In 1990 we closed our special education classroom and set the captives free. Our intention was to return them all to their regular classrooms full time. This happened because we, as educators and caring adults, could no longer tolerate the daily pull-out system that made those students miss out on important teaching and practice in regular classrooms and caused them to be labeled “dummies” by their classmates.

What you would have seen if you had visited our special education room was a relentless dance of children drifting in, filling out workbook pages, getting them graded, and drifting out again. Their specialist teacher could not deal effectively with the wide range of student needs arriving every hour or with the students’ resentment about being there. He felt he had no choice but to use commercial self-instruction programs that required little or no teaching. What he and I both saw was that the kids weren’t learning much, but at least they were busy and quiet for a while.

One thing you have to know about special education at that time—and maybe still today—is that such teachers were often trained to manage student behavior rather than to teach skills and knowledge differently from regular teachers.
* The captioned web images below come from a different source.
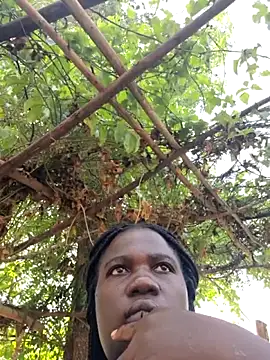 missarpie online show from 01-15-26, 11:35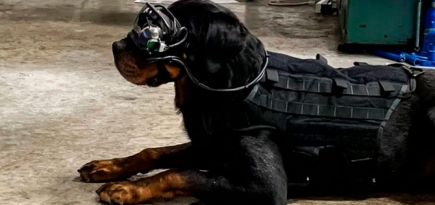 В США появились очки дополненной реальности для собак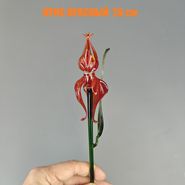 НЗСС ДС Ирис Большой Красный 30см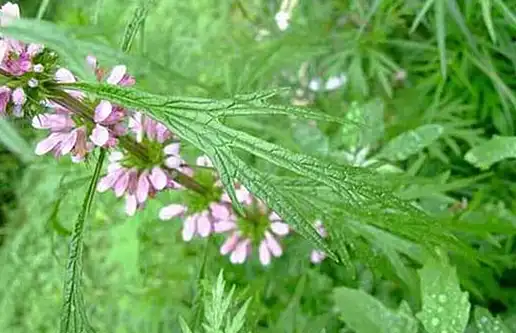 益母草的养颜作用得益于其活血的功效,此外,益母草中的硒和锰等微量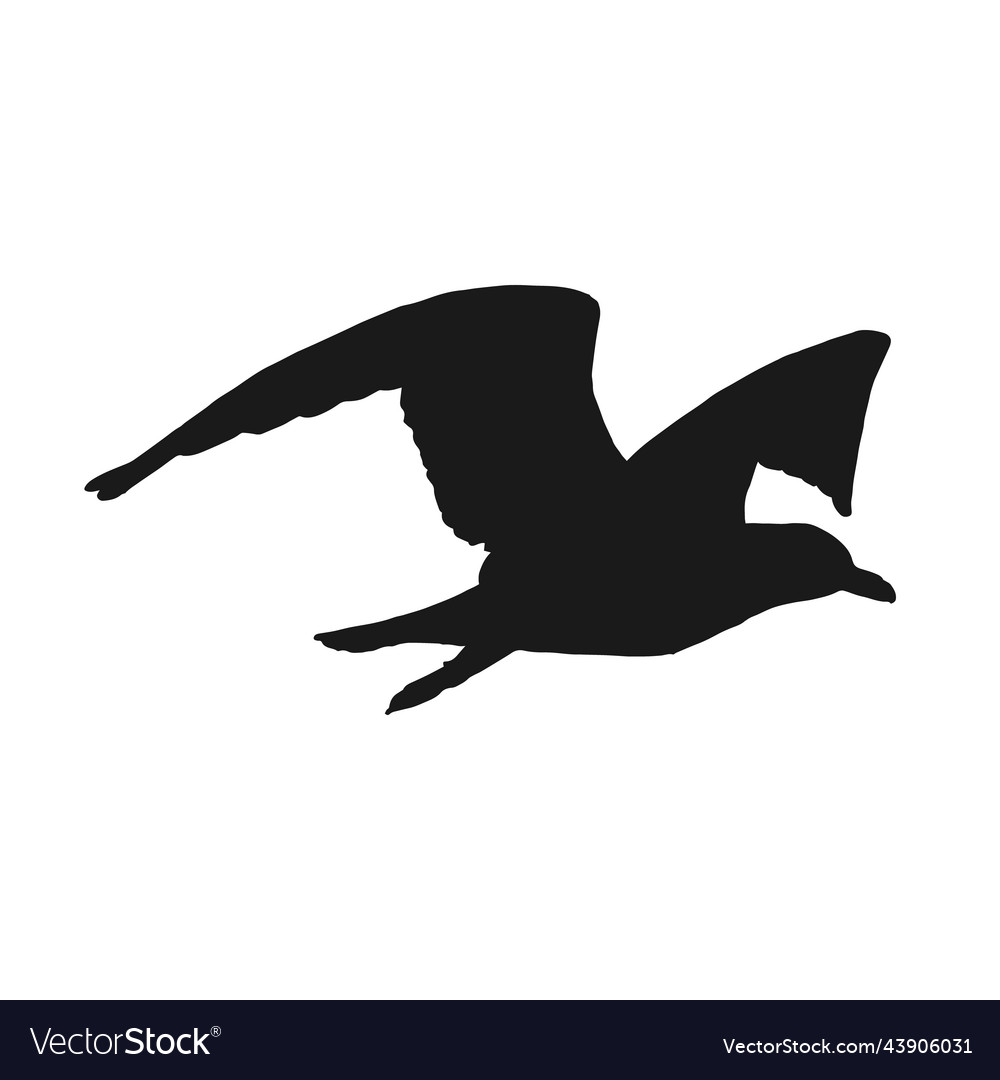 Silhouette of flying seagulls hand drawn Vector Image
Usually, the elementary and middle school combined had about 25 students classified for special education. Most of them were classified as “learning disabled,” about five were called “emotionally disturbed,” and three, “mentally retarded.” Since we were not equipped to deal with children with severe disabilities who needed constant personal assistance, the state provided placement for them in a county school with a range of services full time. We paid their tuition fees.

What I felt was that most of our kids with disabilities should have been more accurately called intellectually or emotionally battered. The cruel irony was that our school was battering them too, by separating them from their classmates and the meaningful instruction part of every day and labeling them as deficient in everyone’s eyes. Worst of all, there was no way out; nobody ever got “unclassified.”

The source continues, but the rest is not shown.